Although these bacteria have fewer than 2000 genes, they thrive in bogs, algae-choked lakes, pristine alpine ponds, rivers, estuaries, and reservoirs. To understand how bacteria with so few genes are able to dominate in such a diverse range of environments, we propose to develop genome-editing tools in two easy-to-work-with species of freshwater Actinobacteria.
The work proposed here, and the research that builds on it, will enable scientists working on freshwater carbon cycling, bacterial-algal interactions, heterotrophy, and light capture to identify the genes in freshwater Actinobacteria that contribute to these processes. That work, in turn, will provide experimental data linking genes to ecosystem functions.
Laboratory research on the physiology and metabolism of freshwater clades of Actinobacteria has been hampered by having only a few cultivated species, none with available genome editing tools. To understand how such an apparently homogeneous group of bacteria contributes to nutrient cycling in such a diverse range of ecological settings, we propose to develop systems for targeted and random mutagenesis in Rhodoluna lacicola and Aurantimicrobium sp. strain MWH-Mo1, two easily cultivated, representative species of freshwater Actinobacteria.

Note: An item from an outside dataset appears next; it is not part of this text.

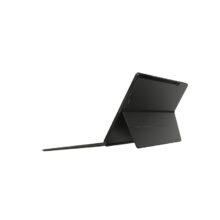لپ تاپ 13 اینچی ایسوس VivoBook Slate T3300KA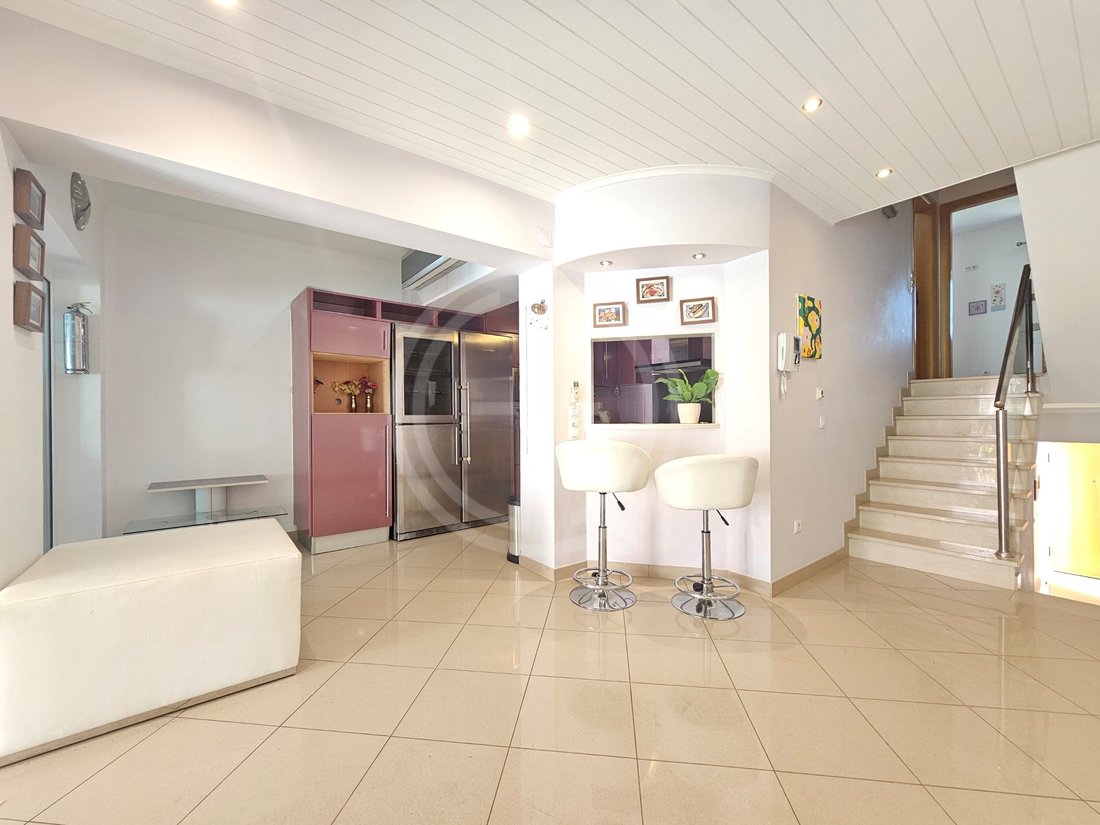 House in Vilamoura, Quarteira, Algarve 5 - 18510143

Targeted mutagenesis will enable not just inactivation of specific genes, but also insertion of genes for heterologous expression from the chromosome. Random transposon-based mutagenesis will enable construction of comprehensive mutant libraries that can be screened for fitness under a variety of different environmentally relevant stresses. These tools will catalyze research that connects simple genomes to complex phenotypes, phenotypes to biochemical networks in microbial communities, and microbial community metabolism to ecosystem carbon budgets.
This award reflects NSF's statutory mission and has been deemed worthy of support through evaluation using the Foundation's intellectual merit and broader impacts review criteria.